Model-Free Learning for the Linear Quadratic Regulator over Rate-Limited Channels
This work addresses communication constraints in networked control systems, bridging model-free control and compressed optimization, but it is incremental as it builds on existing policy gradient and quantization methods.
The paper tackles the problem of model-free linear quadratic regulator (LQR) control when gradients are transmitted over rate-limited channels, proposing an adaptive quantization algorithm that guarantees exponentially fast convergence to the optimal policy without degrading the convergence exponent above a finite bit-rate threshold.

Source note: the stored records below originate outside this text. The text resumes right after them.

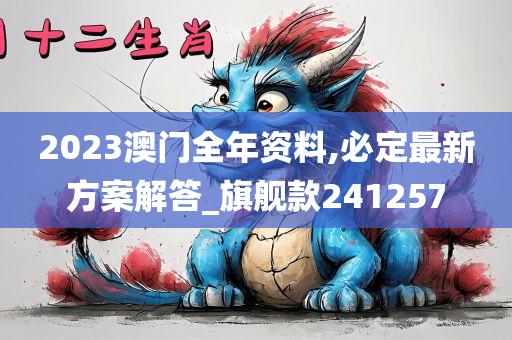 2023澳门全年资料,必定最新方案解答_旗舰款241257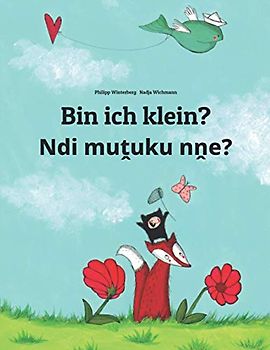 Bin ich klein? Ndi muṱuku nṋe?: Zweisprachiges Bilderbuch Deutsch-Tshivenda/Chivenda/Venda (zweisprachig/bilingual)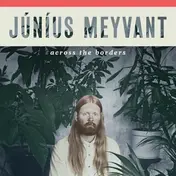 Junius Meyvant - Across The.. -Download-
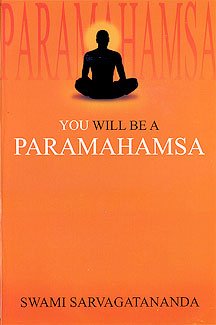 You Will be a Paramahamsa [Paperback] Sarvagatananda, Swami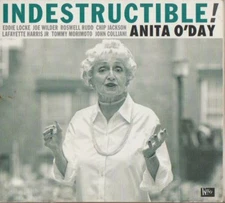 C.D.MUSIC  E438    ANITA O'DAY : INDESTRUCTIBLE! CD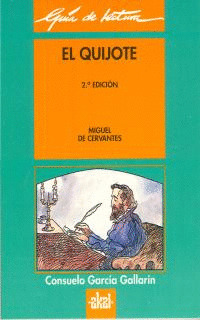GUIA DE LECTURA: EL QUIJOTE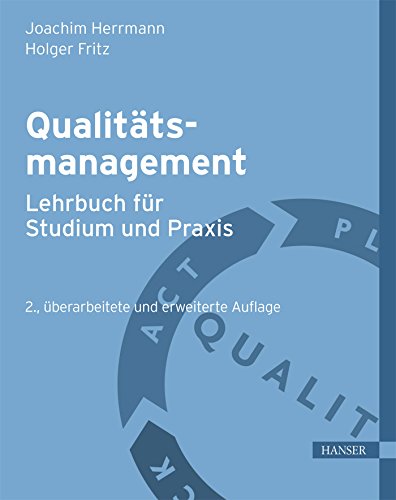 Qualitätsmanagement - Lehrbuch für Studium und Praxis: Extra: E-Book inside. Zugangscode im Buch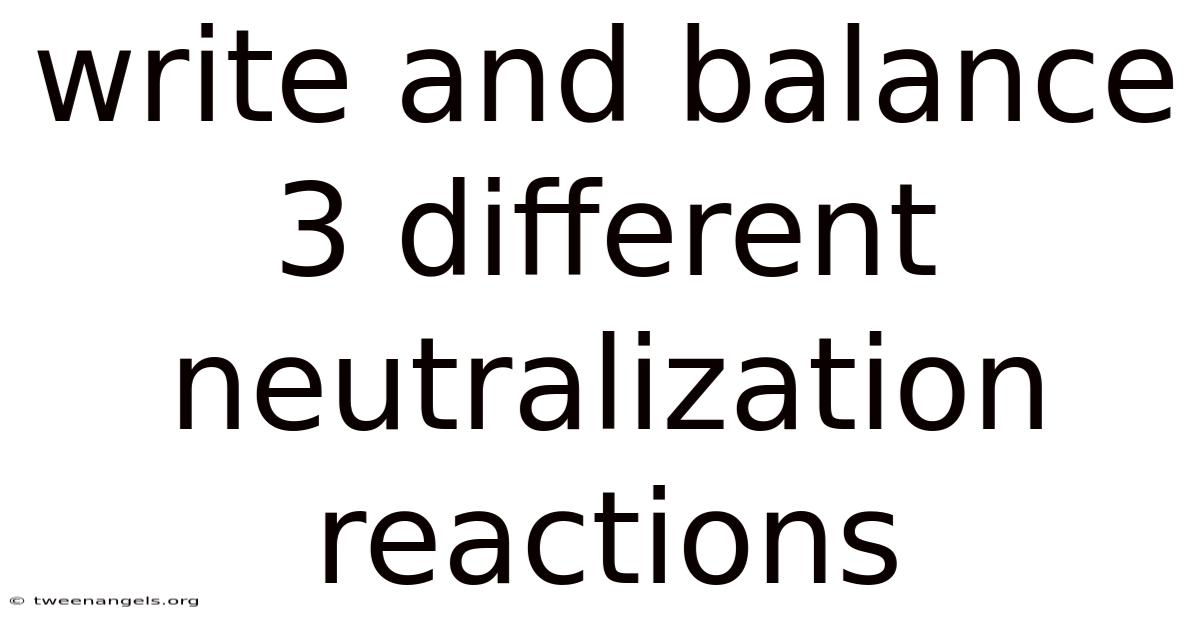 Write And Balance 3 Different Neutralization Reactions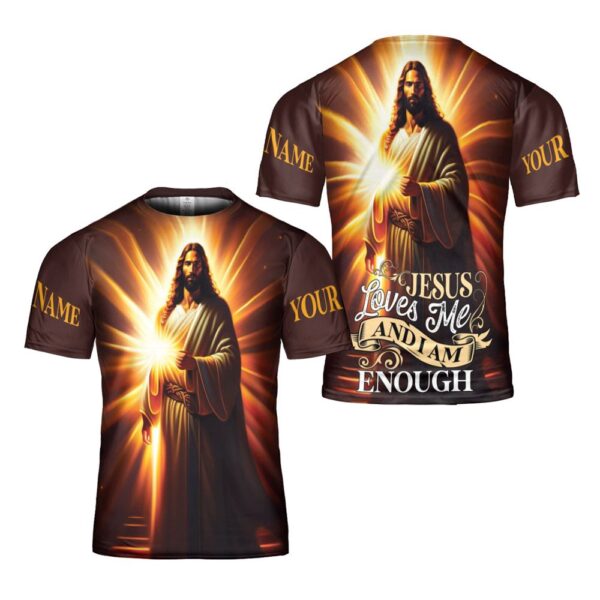 Jesus Loves Me And I Am Enough 3D T Shirt, Christian T Shirt, Jesus Tshirt Designs, Jesus Christ Shirt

Consider a linear quadratic regulator (LQR) problem being solved in a model-free manner using the policy gradient approach. If the gradient of the quadratic cost is being transmitted across a rate-limited channel, both the convergence and the rate of convergence of the resulting controller may be affected by the bit-rate permitted by the channel. We first pose this problem in a communication-constrained optimization framework and propose a new adaptive quantization algorithm titled Adaptively Quantized Gradient Descent (AQGD). This algorithm guarantees exponentially fast convergence to the globally optimal policy, with no deterioration of the exponent relative to the unquantized setting, above a certain finite threshold bit-rate allowed by the communication channel. We then propose a variant of AQGD that provides similar performance guarantees when applied to solve the model-free LQR problem. Our approach reveals the benefits of adaptive quantization in preserving fast linear convergence rates, and, as such, may be of independent interest to the literature on compressed optimization. Our work also marks a first step towards a more general bridge between the fields of model-free control design and networked control systems.